Karachi: Metropolis of Terror
KANCHAN LAKSHMAN

There is a method in the madness of Islamist extremism in Pakistan, and this is constantly reaffirmed.

At least 57 people, including prominent Islamist clerics, died and more than 200 people sustained injuries in a suicide bomb attack at Nishtar Park in Karachi, capital of Sindh province, on April 11, 2006. The blast occurred at a stage erected in a park where religious leaders and scores of the faithful were offering evening prayers at a meeting to mark the birth anniversary of Prophet Mohammed. Among those killed where top leaders of the Sunni Tehreek (ST) and Jamaat-e-Ahle Sunnat.

Available indications are that the suicide-bomber wanted to decapitate the Sunni Tehreek. Its Chief, Abbas Qadri, Deputy Chief Akram Qadri and Spokesperson Iftikhar Bhatti were, in fact, killed in the attack. Some leaders of the ‘moderate’ Jamaat-e-Ahle Sunnat, including Haji Hanif Billo and Hafiz Muhammad Taqi, also died in the blast.

The ST, which is of Barelvi orientation, was formed in 1992 by Maulana Saleem Qadri to counter the dominance of the Deobandi and Ahle Hadith schools of thought. Incidentally, Saleem Qadri was himself assassinated on May 18, 2001, in Karachi. His attackers were identified as belonging to the now outlawed Sunni group, Sipah-e-Sahaba Pakistan (SSP). Under its just-assassinated Chief, Abbas Qadri, the ST grew rapidly on the strength of large sums of money from the affluent business community in Karachi, who were primarily scouting for protection from other groups such as the SSP and its armed wing, the Lashkar-e-Jhangvi (LeJ).

Preliminary indications suggest that the latest incident was the result of the ongoing conflict between the Barelvi and Deobandi schools. No official determination has still been made regarding those responsible for the incident, but many suspect that the LeJ engineered it. A majority of the Jihadis in Pakistan swears by the Deobandi school of thought, while the Barelvis, including the ST, have largely, though not entirely, abstained from militancy. The Barelvis, however, are major players in the ‘politics of the mosque’. The ST, for instance, is locked in a long battle with Deobandi groups over the control of various mosques in Karachi and over the collection of endowments.

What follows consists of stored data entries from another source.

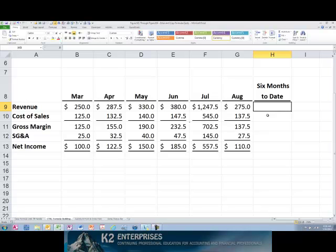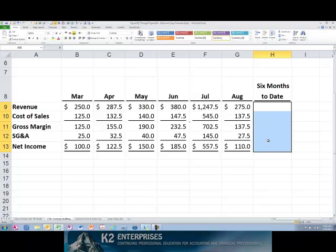To begin, first select all of the cells into which you wish to enter data or formulas. If these cells are contiguous, you can simply click and drag to select the cells.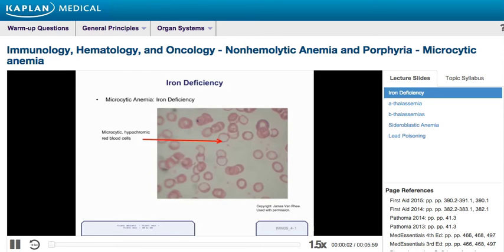To begin, we can start with microcytic anemia. The most classic cause is iron deficiency. On your screen now, there's a picture of what these microcytic, hypochromic red blood cells look like. Hypochromic just means that they tend to be very pale appearing. So very pale appearing, small red blood cells should be very concerning for iron deficiency anemia.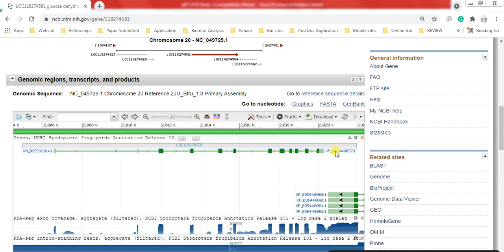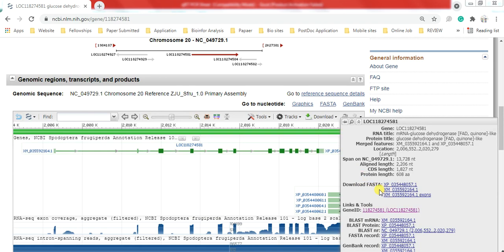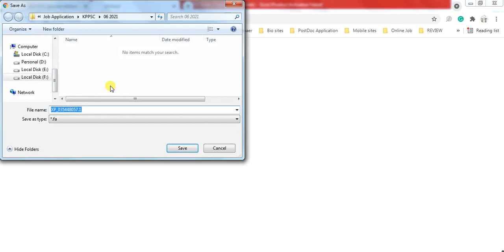You can also download these sequences in FASTA format. Like here, this is the protein sequence, and this is the CDS sequence with UTR - 1,827. When you click on it, it will allow you to download it, so you can download it to your destination folder.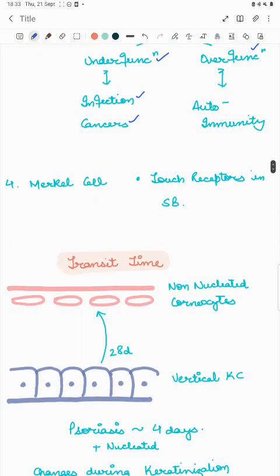Merkel cells are the touch receptors and are usually present in the stratum basale.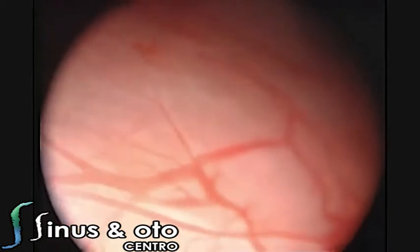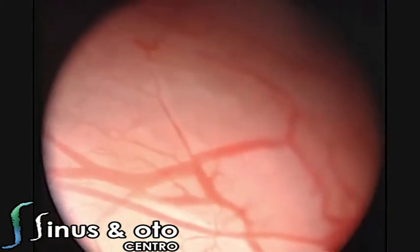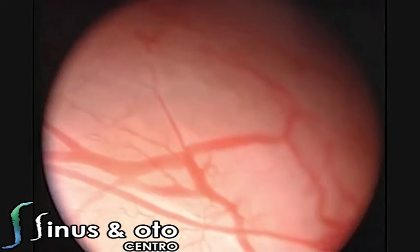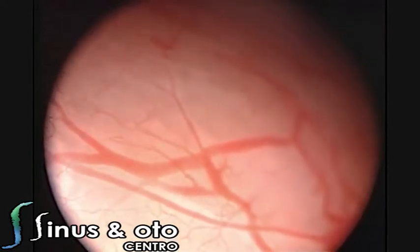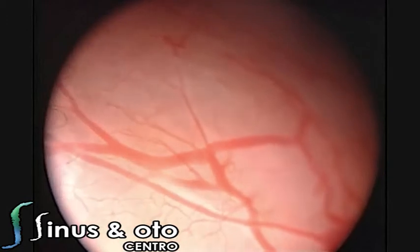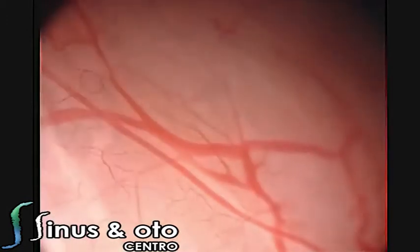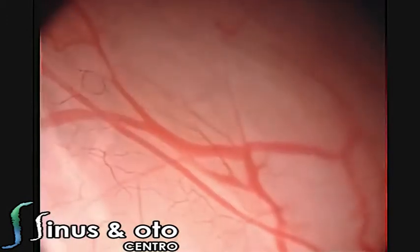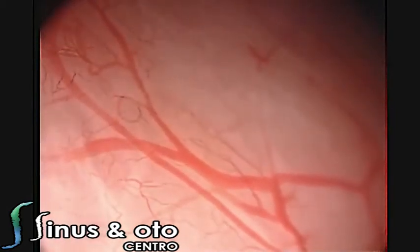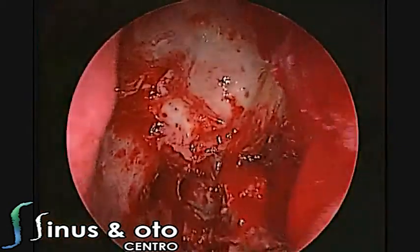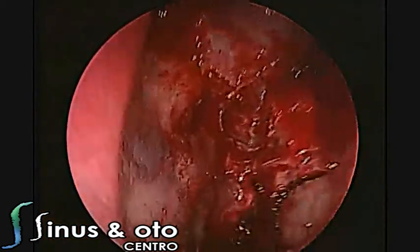Sometimes when you adjust the focus, you can see the red blood cells traveling inside the blood vessels — especially the smallest ones. You can see them in a very nice way; the bigger ones you can also see, but they appear in a much larger condition. You can observe the red blood cells traveling inside the blood vessels.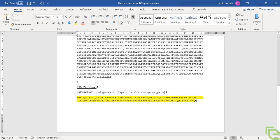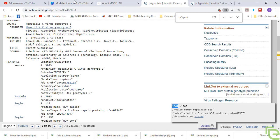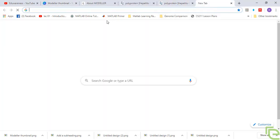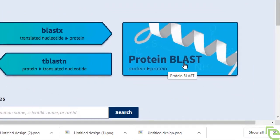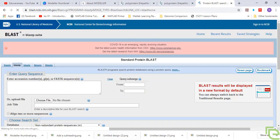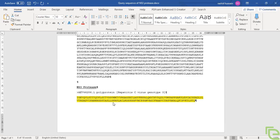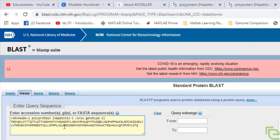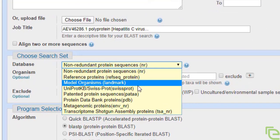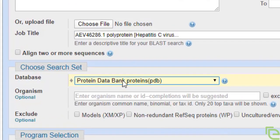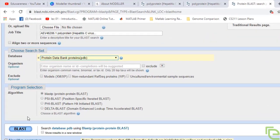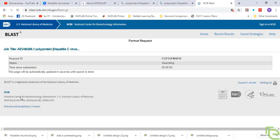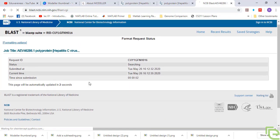We'll go to BLAST with our query sequence that needs to be modeled, and look for proteins that are most similar to this query sequence. We'll go to Protein BLAST, copy the sequence, and choose the Protein Data Bank as the database because we need to find proteins with the most resemblance to this query sequence from PDB. This is BLASTp and we'll run the search.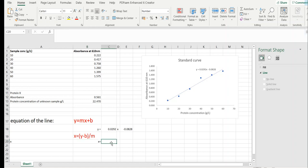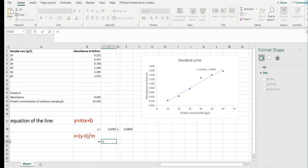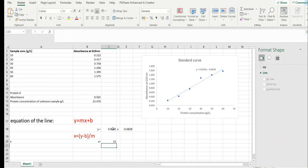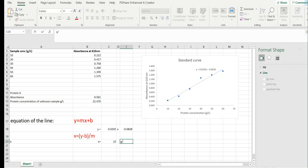In order to do that, you put an equal sign, open the bracket, you select the absorbance that we found, minus y-intercept, close the bracket, divide it by the slope and press enter. Again, this is the protein concentration of unknown sample in grams per liter.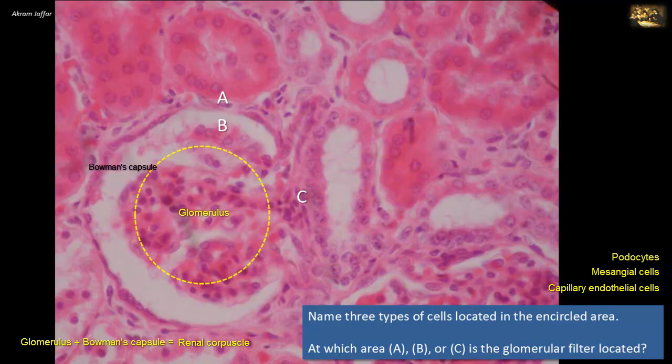The mesangium is a specialized connective tissue consisting of mesangial cells and mesangial substance, an extracellular substance that provides support for the capillary loops. The mesangial cells are large cells with phagocytic and contractile function. The podocytes invest the surface of the glomerular capillary loops exposed to the Bowman's space, so the glomerular filter is located at position B.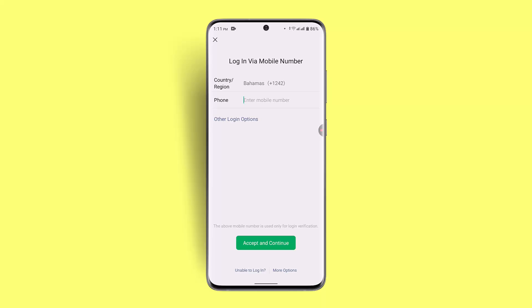If you're still unable to receive the verification code, check if any blocking settings on your phone or antivirus software might be interfering with the code. If the issue persists, try requesting the code again after waiting a few minutes.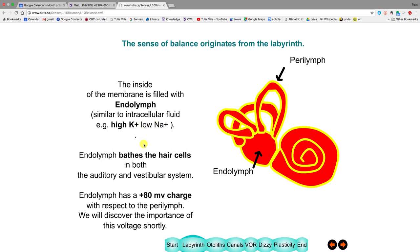This endolymph — the orange fluid — bathes the hair cells in both the auditory system and the vestibular system. One important thing is that it has a high charge of plus 80 millivolts, and we'll discover the importance of that charge a little later in the lecture.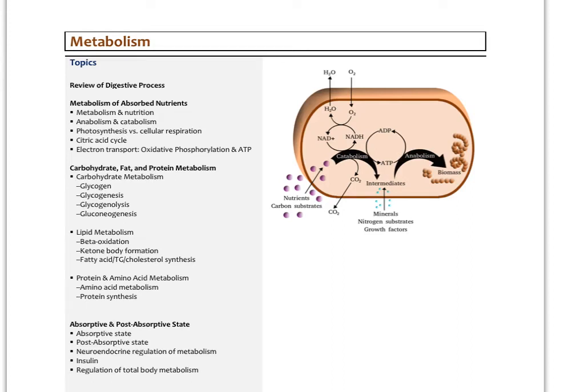This is the second lecture on metabolism. In the last lecture we looked at the general aspects of anabolism and catabolism, reviewed the role of acetyl-CoA, the citric acid or Krebs cycle, oxidative phosphorylation, and the production of ATP. So this video we're going to focus on carbohydrate metabolism, lipid metabolism, and protein metabolism.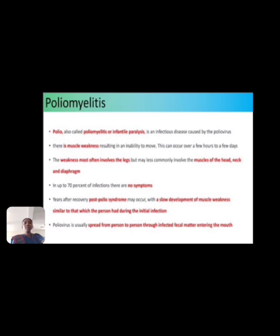Up to 70% of infected individuals have no symptoms. Years after recovery, post-polio syndrome may occur with slowly developing muscle weakness similar to that which the person had during the initial infection. The poliovirus is usually spread from person to person through infected fecal matter entering the mouth.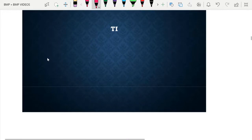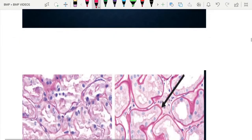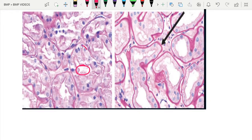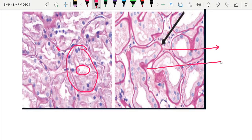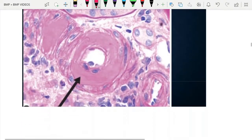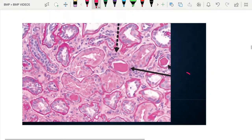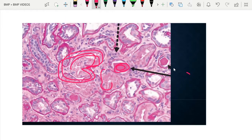Regarding the tubular interstitium, there will also be thickening of the tubular basement membrane resulting in wrinkling, along with hyaline accumulation. The images show normal tubular interstitial cortex biopsy with tubular epithelial cells, followed by tubular basement membrane thickening, wrinkling of the tubules, and hyaline accumulation within vessels — all characteristic findings in diabetic kidney disease.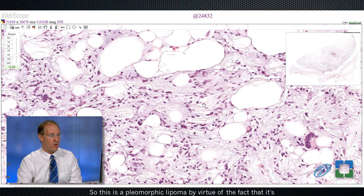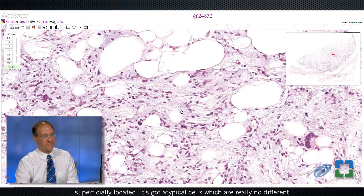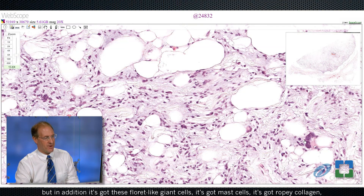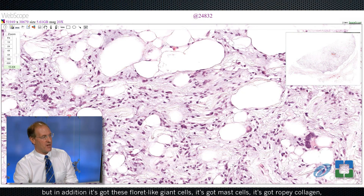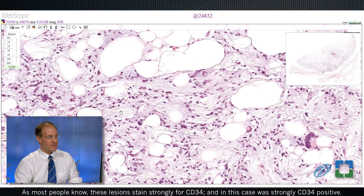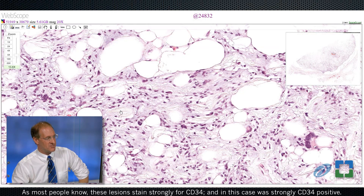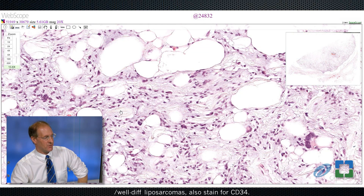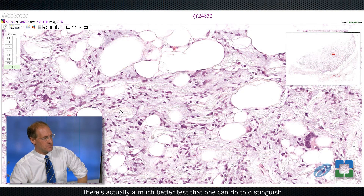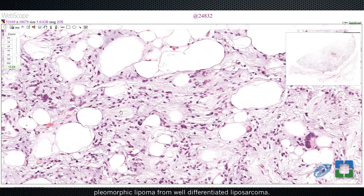This is a pleomorphic lipoma by virtue of the fact that it's superficially located. It's got atypical cells, which are really no different than the atypical cells seen in a well-differentiated liposarcoma. But in addition, it's got floret-like giant cells, mast cells, and ropey collagen, and the clinicopathologic setting is entirely consistent with a pleomorphic lipoma. These lesions stain strongly for CD34, and this case was strongly CD34 positive — though I don't find that particularly helpful since atypical lipomatous tumor/well-differentiated liposarcoma also stains for CD34. There's actually a much better test to distinguish the two.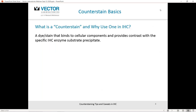I've got a definition here for those who are new to the field: a counterstain is a dye or a stain that binds to cellular components and provides contrast with the specific immunohistochemistry enzyme substrate precipitate. That may be fairly straightforward, but I believe this is a fairly elementary definition and doesn't really get to the point of why you may want to apply a counterstain or the value of a counterstain in immunohistochemistry.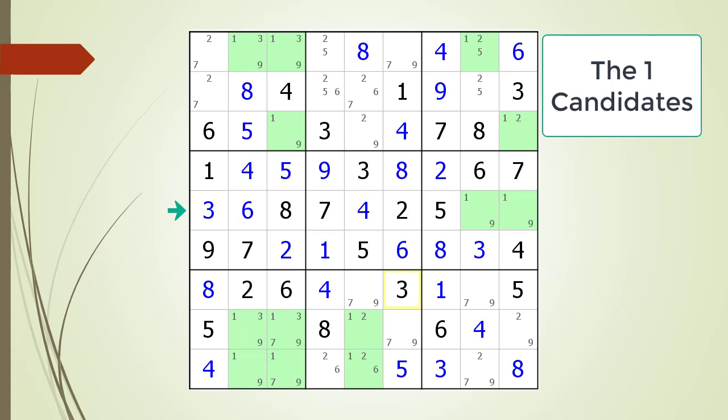We then move down to row 5 as a starting point. Row 5 has two cells having a 1 candidate, so this could be the first half of an X-Wing. But row 8 doesn't work because it has three cells, which is too many, and they are not in the correct position to line up with row 5. The same problem applies to row 9. So we conclude row 5 is not part of an X-Wing. We can skip rows 8 and 9 because they have too many cells with a possible 1 candidate.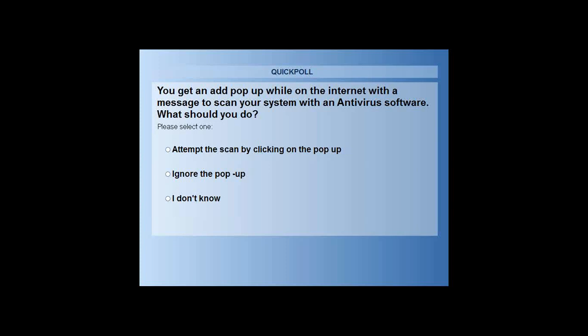The answer options are: attempt the scan by clicking on the pop-up, ignore the pop-up and do not click on it, or I don't know. When you are surfing the internet and you see a pop-up saying 'scan your computer for free and check if there is a virus infection,' what would you do? Would you attempt the scan, ignore the pop-up, or you don't know what to do?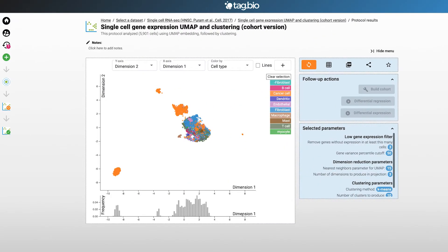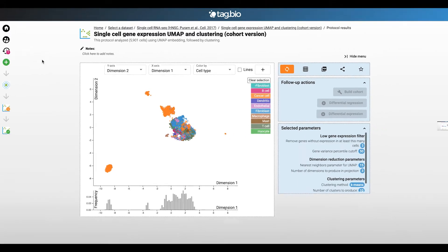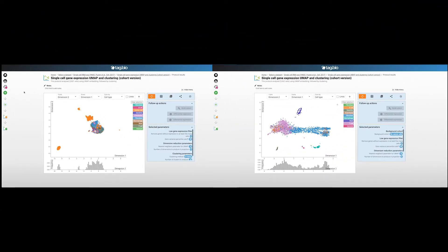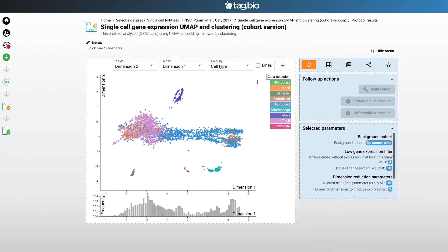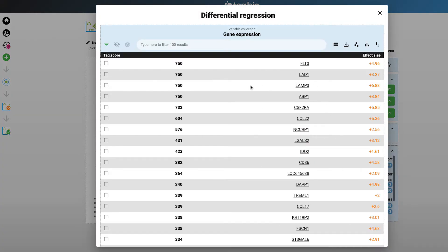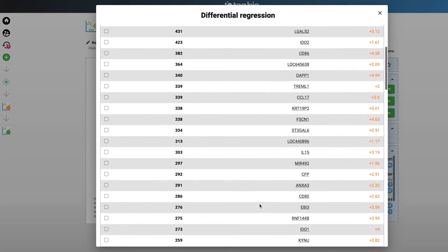So to recap, this demo is to show how the single gene expression analysis app works. We ran two analyses with two different cohorts and then ran a differential regression on one of the cell types to get a list of genes that govern important functions for that cell type.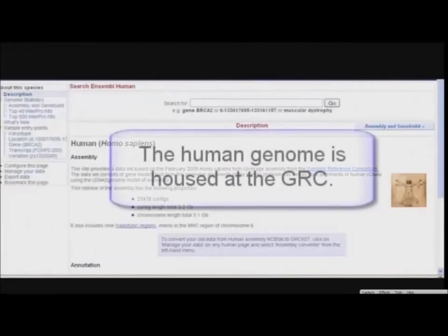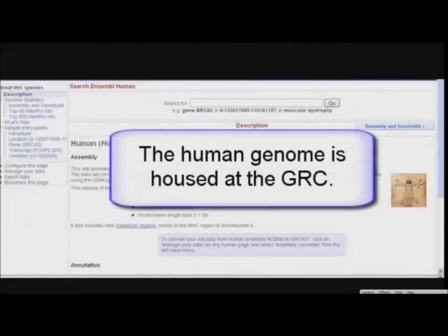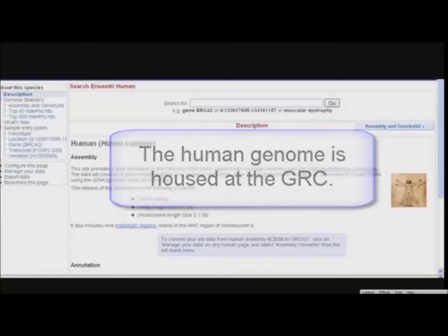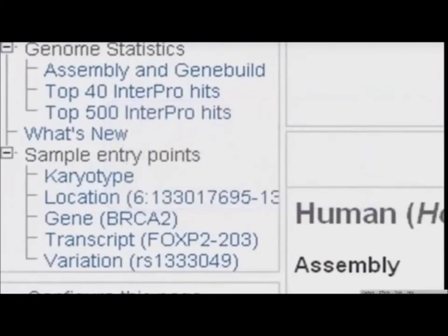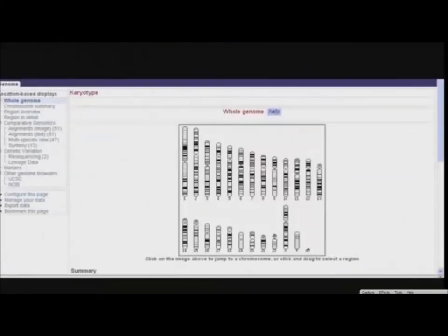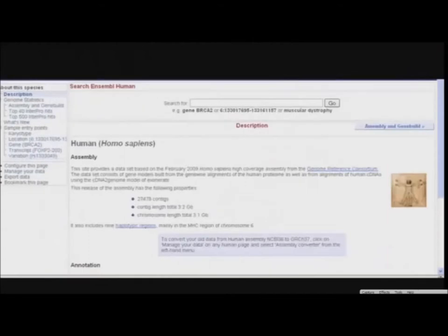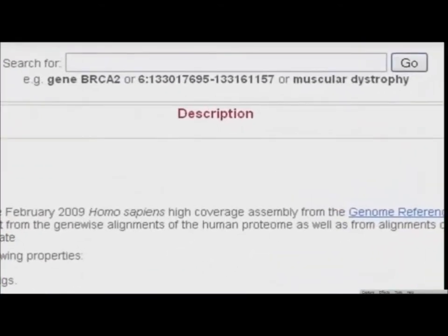Here we find information about the assembly used and any alternate sequences for haplotypic regions. For example, for human, nine alternate assemblies are included. Links on the left-hand side show statistics and dates for the gene build. We can also reach the karyotype. Now we will search for a gene by typing CDKN2B gene at the top of the page and clicking Go.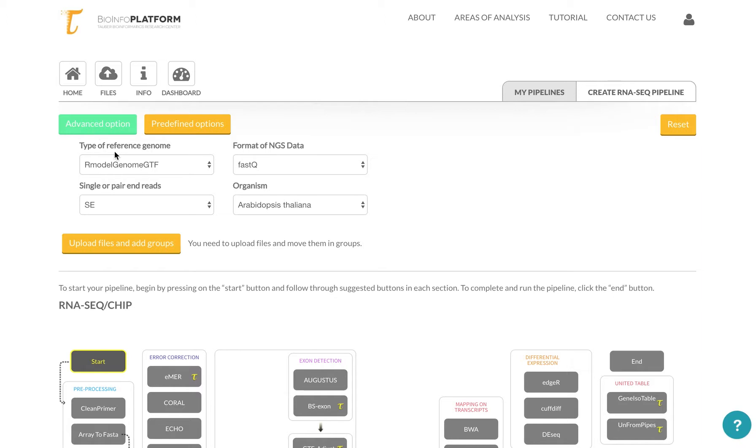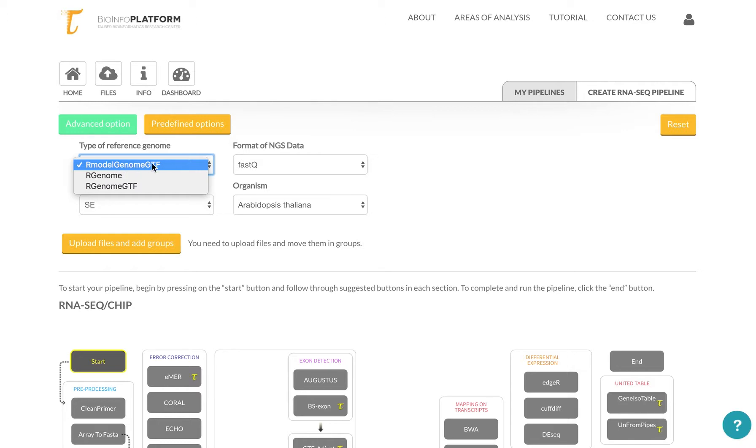Under the advanced options, you will see that you have a few types of dropdowns that help you determine what kind of data you're uploading. So you have a model genome with a .gtf file with an annotation file. You might have a genome that you want to upload yourself, and you might want to upload an annotated genome that is not contained in our section under organism over here.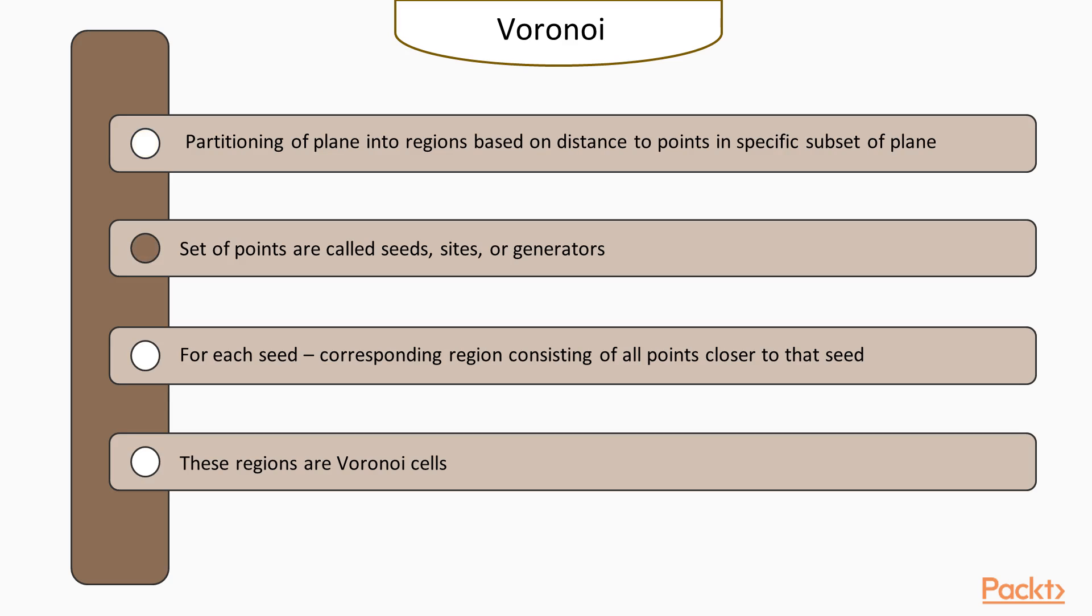Set of points are called seeds, sites, or generators, as specified beforehand. For each seed, there is a corresponding region consisting of all points closer to that seed than to any other. These regions are called Voronoi cells.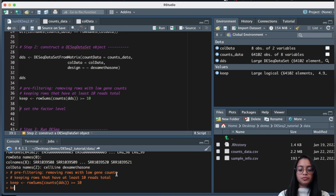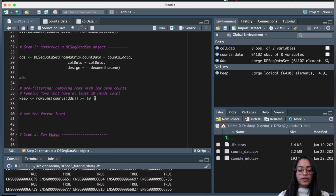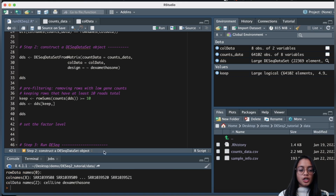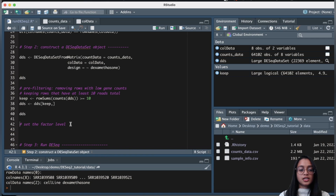The 'keep' variable now has all the gene IDs with TRUE or FALSE values. If a row fulfills the condition of at least 10 reads, it gets TRUE; if not, FALSE. We use these logical values to subset our DESeq dataset object. Now looking at the filtered DESeq dataset object, we went from over 64,000 rows down to over 22,000 rows — we've filtered out many rows that had very low gene counts.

While such an intra-Sunni confrontation often leads to violence in Karachi, the Muttahida Quami Movement (MQM) regime in the Sindh province is also under acute challenge from the extremist Muttahida Majlis-e-Amal alliance. And violence between Sunni groups, allegedly at the behest of agencies in Islamabad, is believed to weaken the MQM and mainstream parties like the Pakistan People's Party.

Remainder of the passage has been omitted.